• AIM OF THE TASK
The answer must reproduce exactly the lines from the one with "Threadless Labret Push" through the end of the material, and it must contain no pictures.

• DATASET RECORDS
- Opening Delimiter -

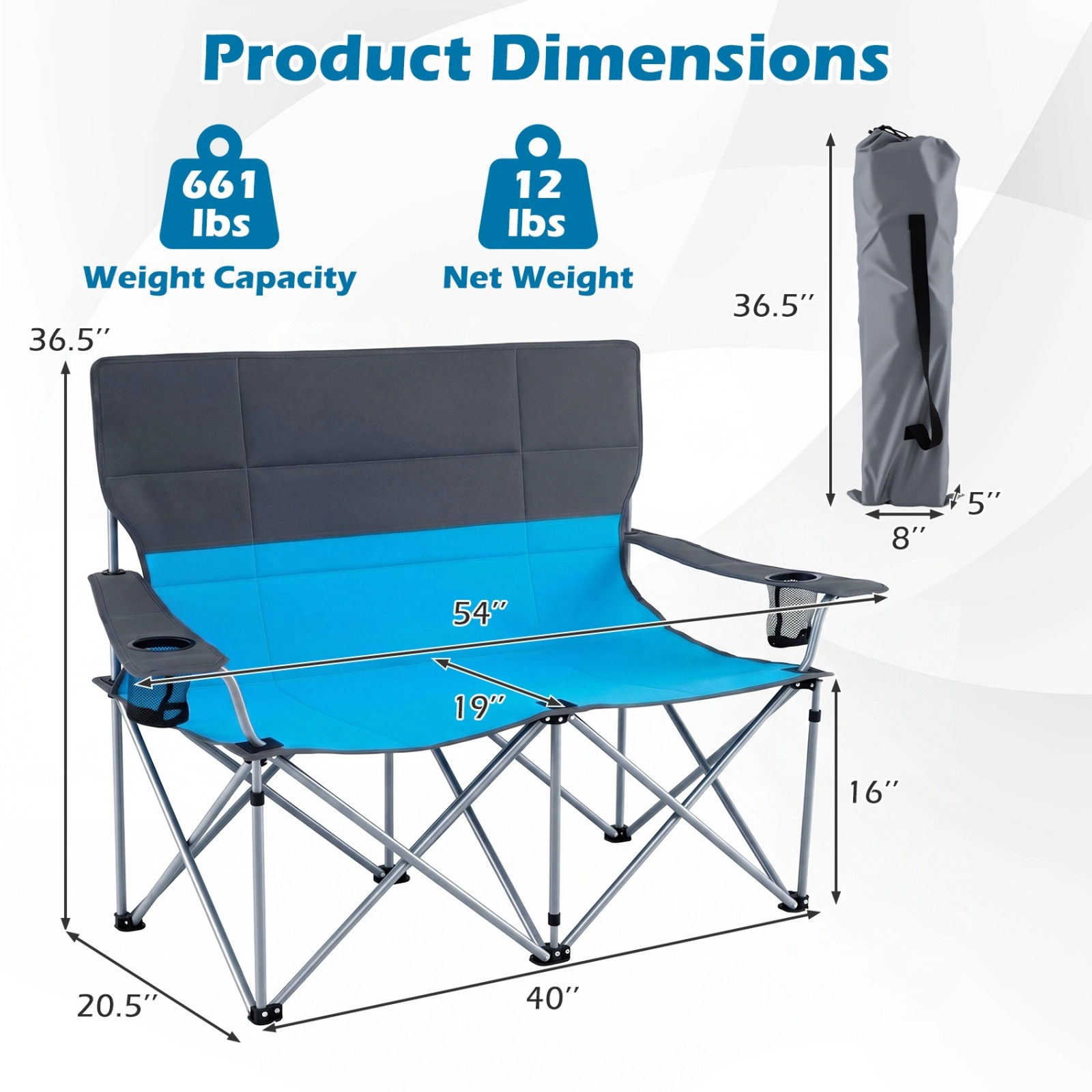 SUGIFT Blue 2-Person Camping Chair with Cup Holders and Carry Bag 40-in W 20.5-in D 36.5-in H 660-lb Seat Capacity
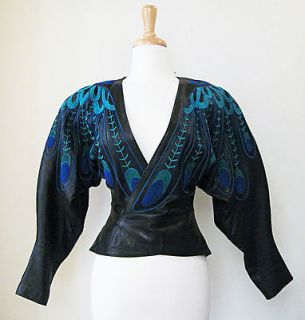 Vintage Jean Claude Jitrois Black Leather Jacket Embroidered Peacock 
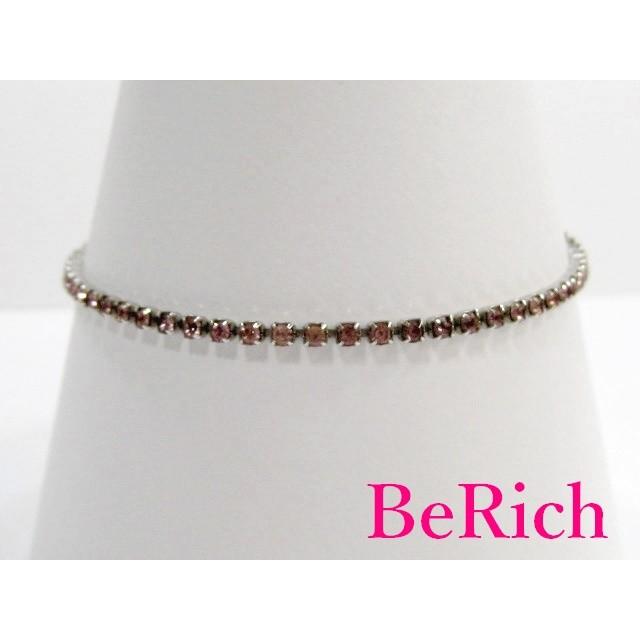 クレージュ テニス ブレスレット シルバー ピンク メッキ ライン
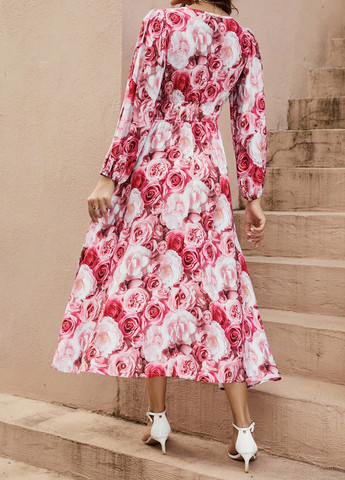 Червона кежуал сукня SHEIN троянди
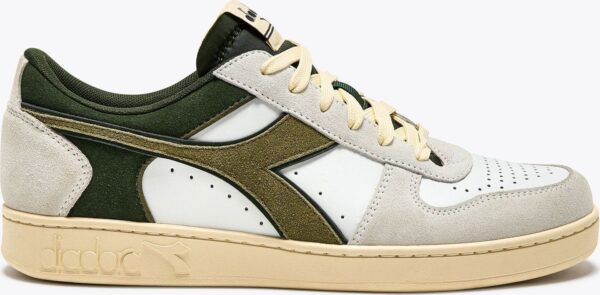 6c34fd032e6ba5c04c75a0e598385139 DIADORA Magic Basket Low Suede Leather White/Kombu Green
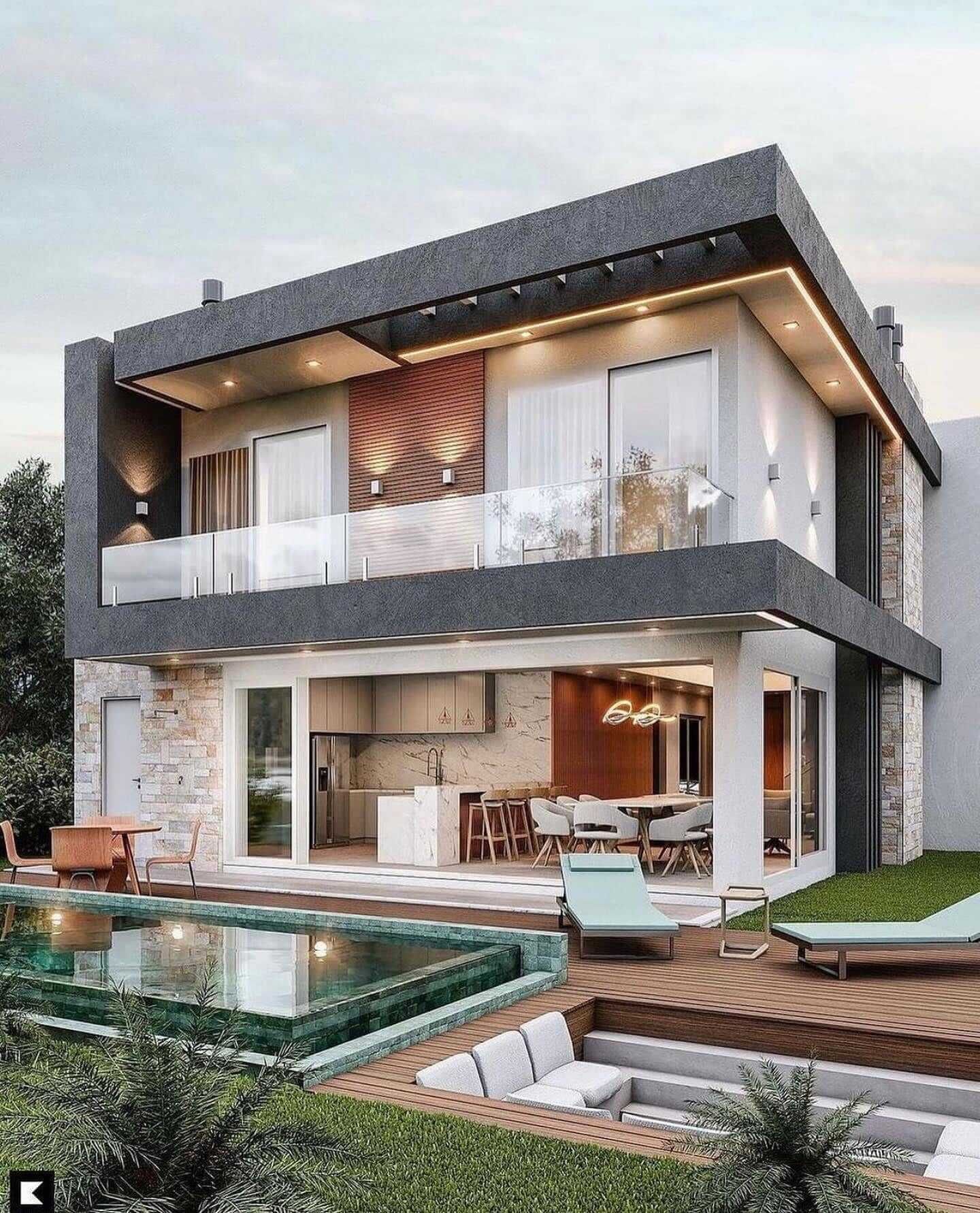 طراحی نمای مدرن برای ویلا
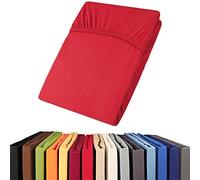 aqua-textil Viana Drap-Housse surmatelas revêtement lit sommier tapissier Coton 140x200-160x200 cm Rouge
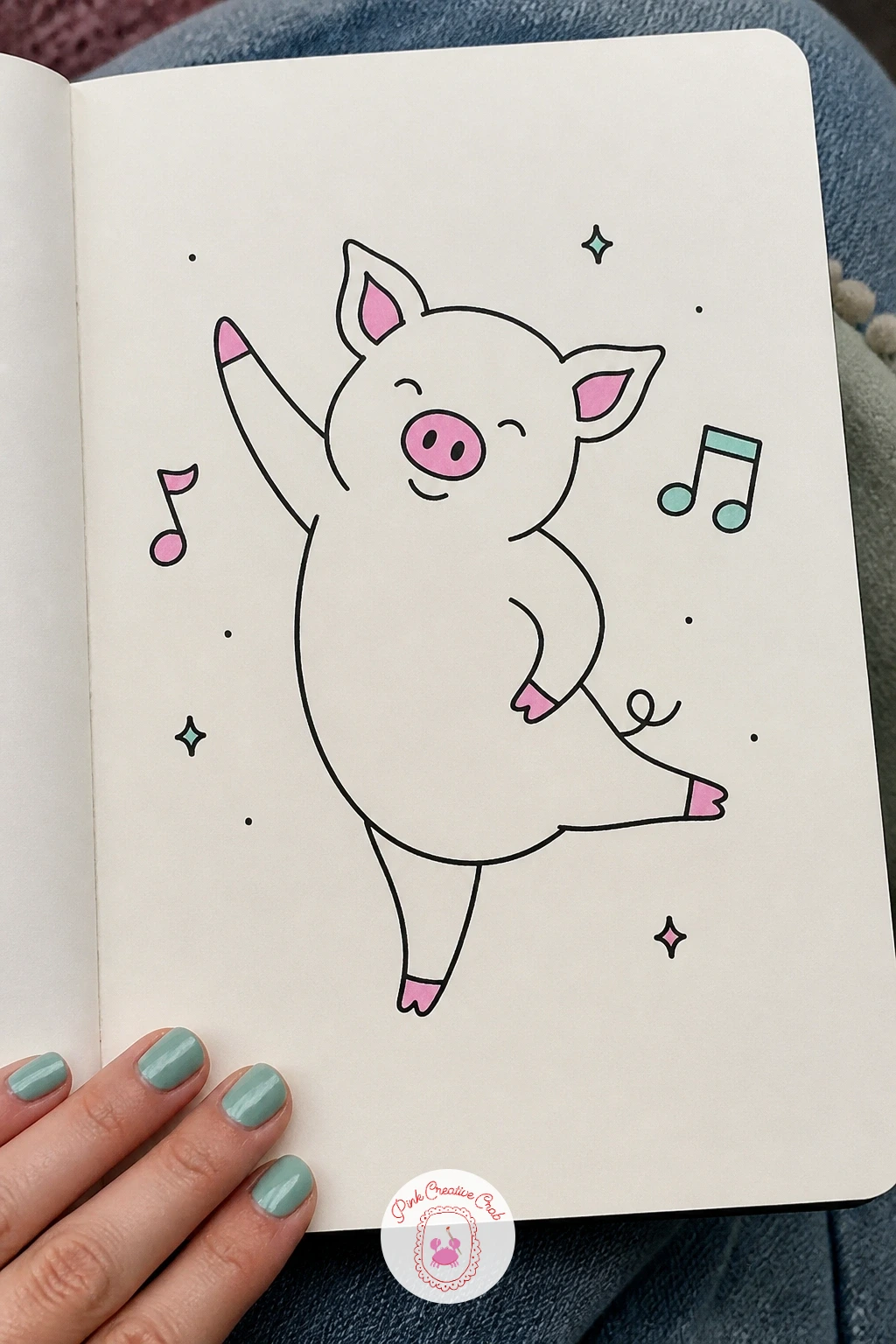 Pig Dancing — Movement needs a clear line of action running through the whole body, so sketch one loose diagonal line first from the top of the head down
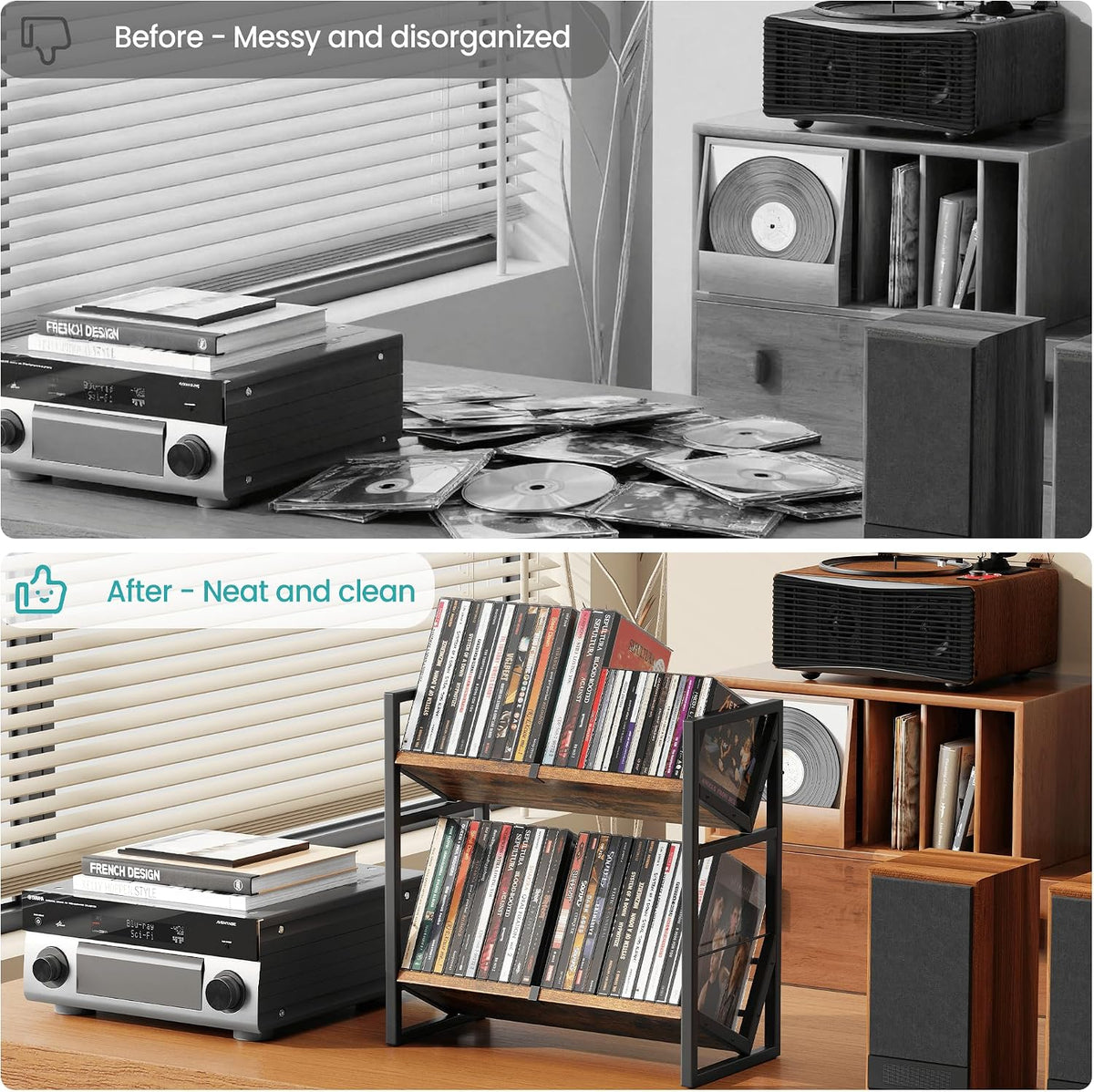 2 Tier CD Storage Rack, Wooden DVD Holder with Adjustable Dividers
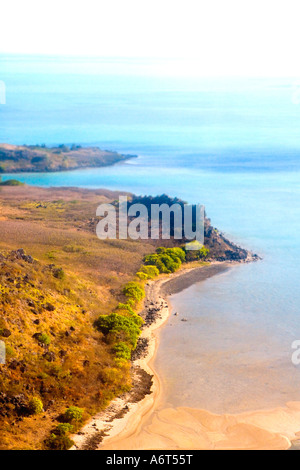 Kurz vor der Landung in Rodrigues. Ein Blick aus der Luft auf Flug von Mauritius Stockfoto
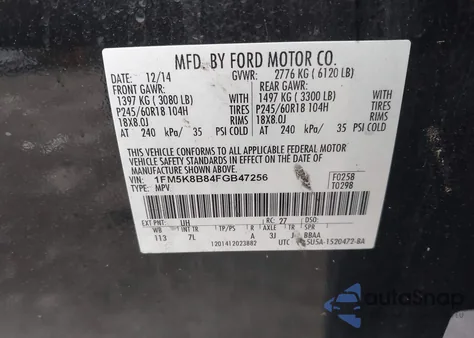 2015 Ford Explorer z USA, uszkodzony, nr VIN 1FM5K8B84FGB47256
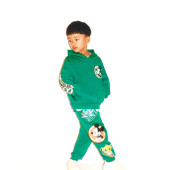Mickey Mouse Çizgi Karakterli Yeşil Kapüşonlu Erkek Çocuk Eşofman Pijama Alt Üst Takımı - 9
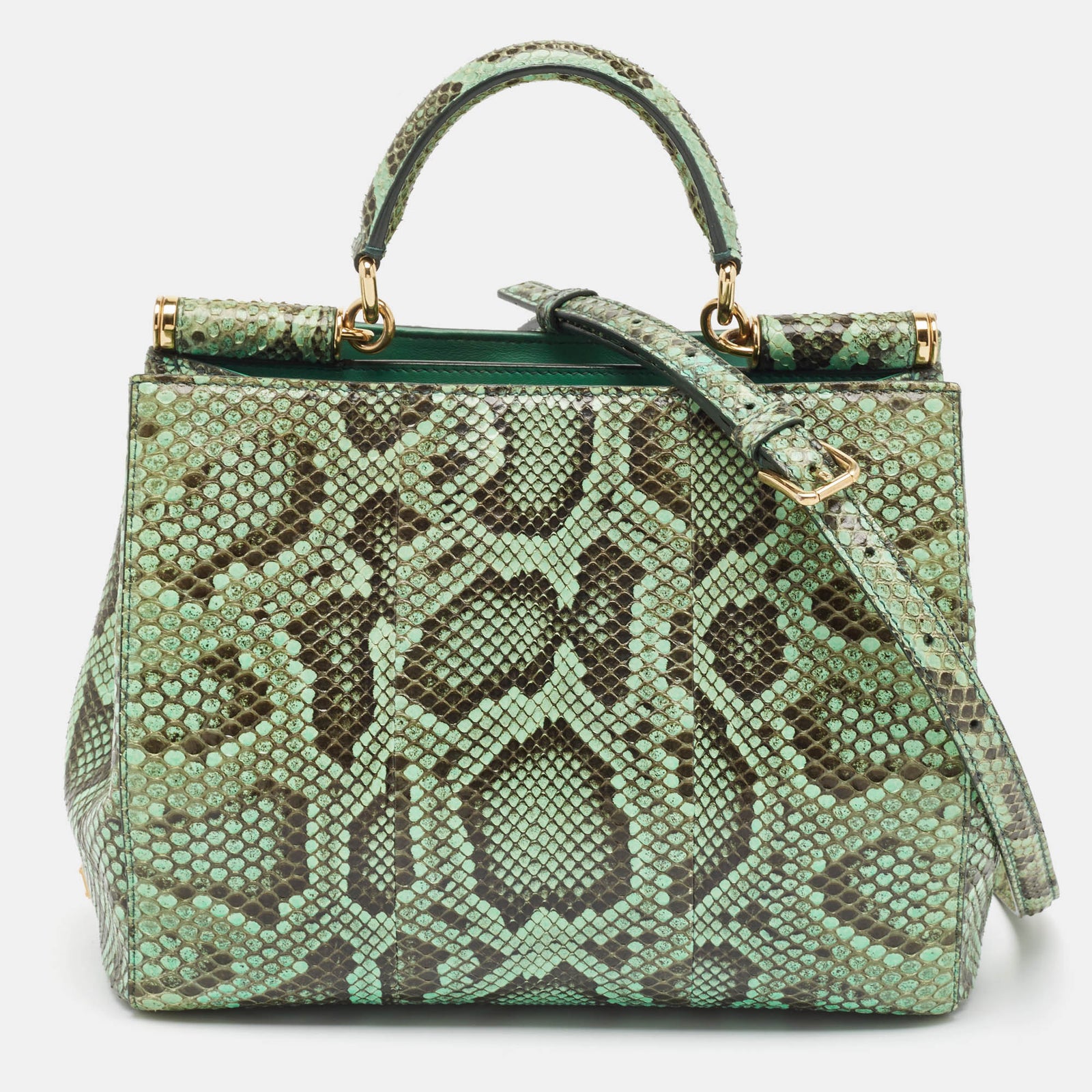 Dolce & Gabbana Grüne Python-Shopper-Tasche Miss Sicily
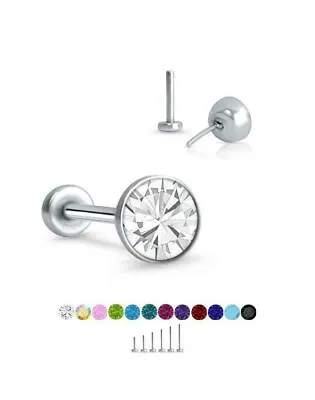 Threadless Labret Push Pin Nose Ring Steel Monroe Stud 4mm CZ 16G 18G 20G • $14.99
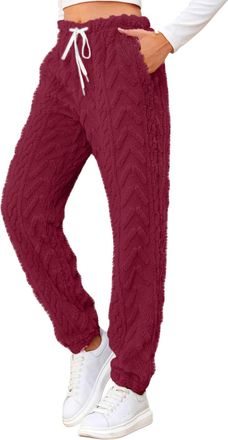 Generic Pyjama Bottoms Womens Long Flannel, Plush Trousers, Womens Teddy Fleece Trousers, Winter Pyjama Bottoms, High Waist Cuddly Trousers with Pockets, Jogg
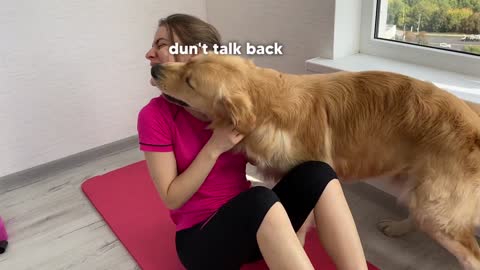 Dog does when she workout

- Closing Delimiter -

• REPLY TO THE EXERCISE
 Threadless Labret Push Pin Nose Ring Steel Monroe Stud 4mm CZ 16G 18G 20G • $14.99
 Generic Pyjama Bottoms Womens Long Flannel, Plush Trousers, Womens Teddy Fleece Trousers, Winter Pyjama Bottoms, High Waist Cuddly Trousers with Pockets, Jogg
 Dog does when she workout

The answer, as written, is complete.